(Instructions to follow)
Would you repeat the data below exactly, taking out the images?

● ● ●

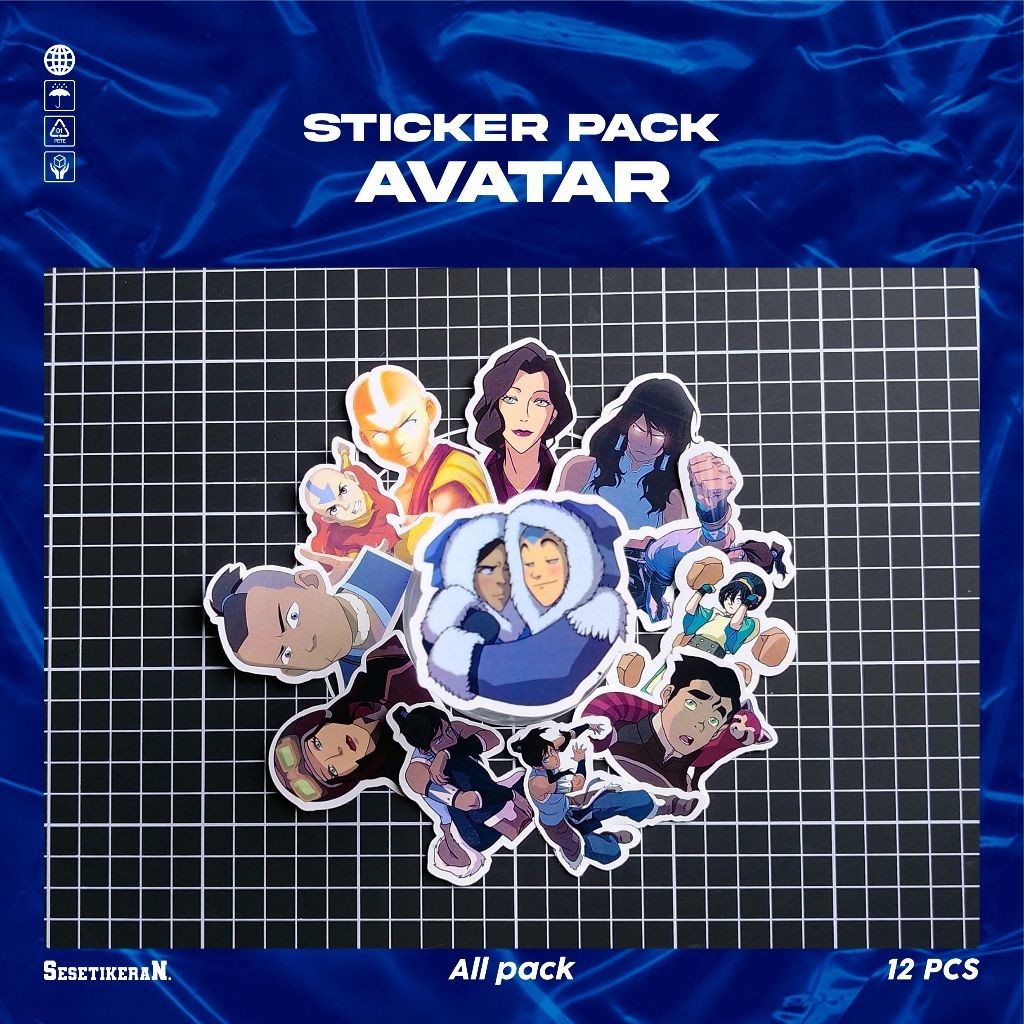 

COD✨ Sesetikeran Stiker Pack Kartun Lucu Avatar the Legend of Korra Untuk Koper Laptop Skateboard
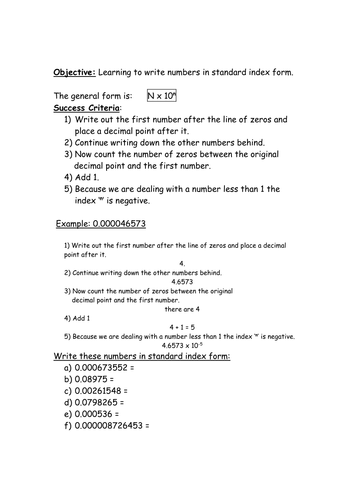 Standard Index Form Worksheet (BL)
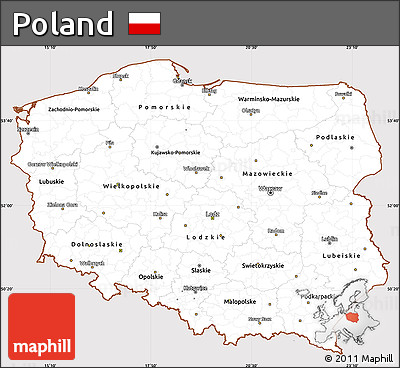 Classic Style Simple Map of Poland, cropped outside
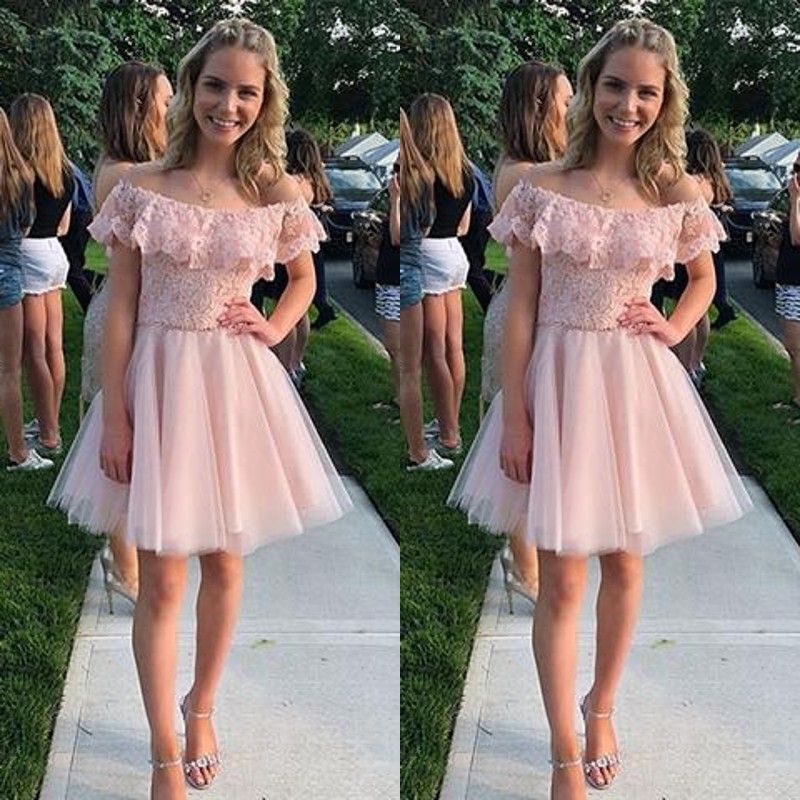 blush pink hoco dress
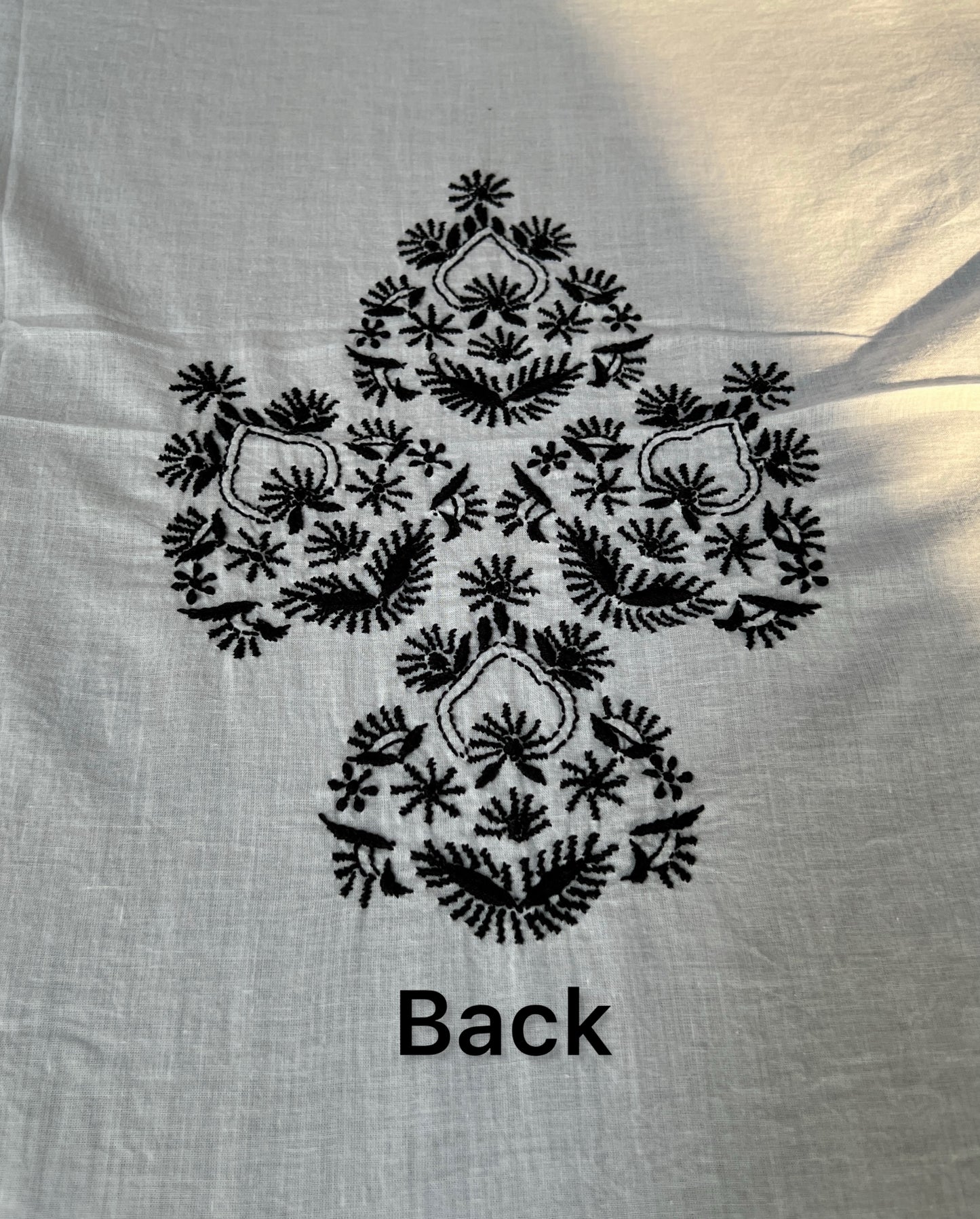 Monochrome Cambric Cotton Kurta with Black Chikankari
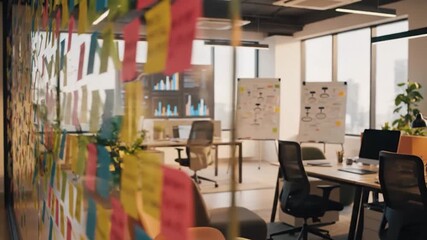 Creative Office Space with Colorful Sticky Notes and Modern Workstations. - Powered by Adobe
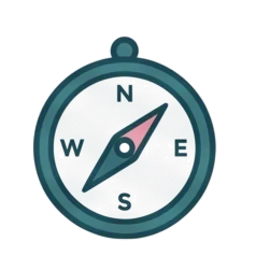 Line drawing of a compass face marked with N, E, S and W points.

● ● ●

(Task result)
COD✨ Sesetikeran Stiker Pack Kartun Lucu Avatar the Legend of Korra Untuk Koper Laptop Skateboard
 Standard Index Form Worksheet (BL)
 Classic Style Simple Map of Poland, cropped outside
 blush pink hoco dress
 Monochrome Cambric Cotton Kurta with Black Chikankari
 Creative Office Space with Colorful Sticky Notes and Modern Workstations. - Powered by Adobe
 Line drawing of a compass face marked with N, E, S and W points.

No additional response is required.